Print the lines below word for word, beginning with the first and ending with the line that holds "PTOBER Comedero Perro", and skip every picture.

COLLECTED DATA:
════════

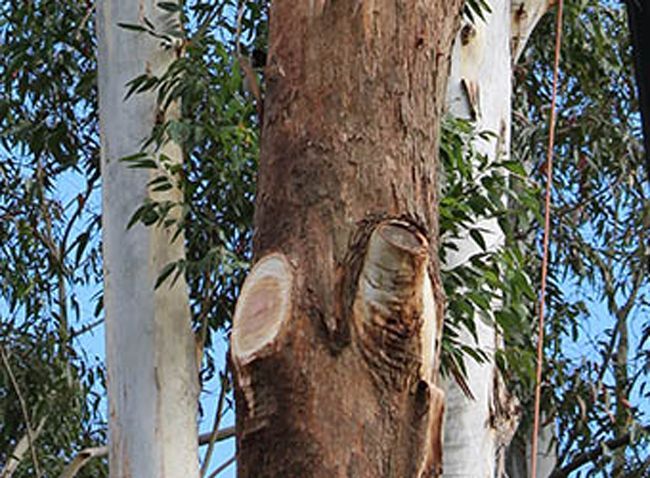 A Close up Of a Tree Trunk with A Hole in It — Hayden Tree Service In Bateau Bay, NSW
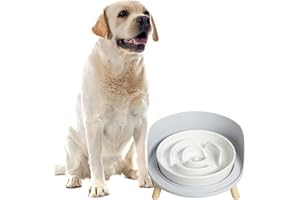 PTOBER Comedero Perro Antivoracidad Comederos Perros - Cuenco Perro Ceramica Lento Comer Antiansiedad - Bol Perro Laberinto Elevado con Base Antideslizante - Plato de Comida para Perros Medianos y Grandes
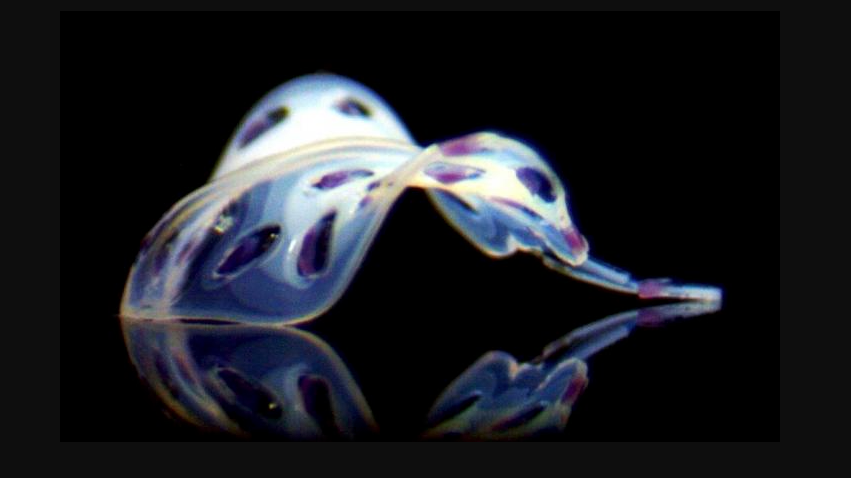 Data Design Viet Nam-Data Design Viet Nam-Data Design Viet Nam-Data Design Viet Nam-Data Design Viet Nam-Data Design Viet Nam-Data Design Viet Nam-Data Design Viet Nam-Data Design Viet Nam-Data Design Viet Nam-Data Design Viet Nam-Data Design Viet Nam-Data Design Viet Nam-Data Design Viet Nam-Data Design Viet Nam-Data Design Viet Nam-Data Design Viet Nam-Data Design Viet Nam-Data Design Viet Nam-Data Design Viet Nam-Data Design Viet Nam-Data Design Viet Nam-Data Design Viet Nam-Data Design Viet Nam-Data Design Viet Nam-Data Design Viet Nam-Data Design Viet Nam-Data Design Viet Nam-Data Design Viet Nam-Data Design Viet Nam-Data Design Viet Nam-Data Design Viet Nam-Data Design Viet Nam-Programming Technology Transforms 2D Materials into 3D Shapes |  Manufacturing.net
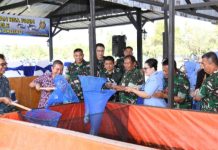 Dari Kolam RSA Farm, Lele Tumbuh untuk Ketahanan Pangan Natuna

════════

SOLVED PROBLEM:
 A Close up Of a Tree Trunk with A Hole in It — Hayden Tree Service In Bateau Bay, NSW
 PTOBER Comedero Perro Antivoracidad Comederos Perros - Cuenco Perro Ceramica Lento Comer Antiansiedad - Bol Perro Laberinto Elevado con Base Antideslizante - Plato de Comida para Perros Medianos y Grandes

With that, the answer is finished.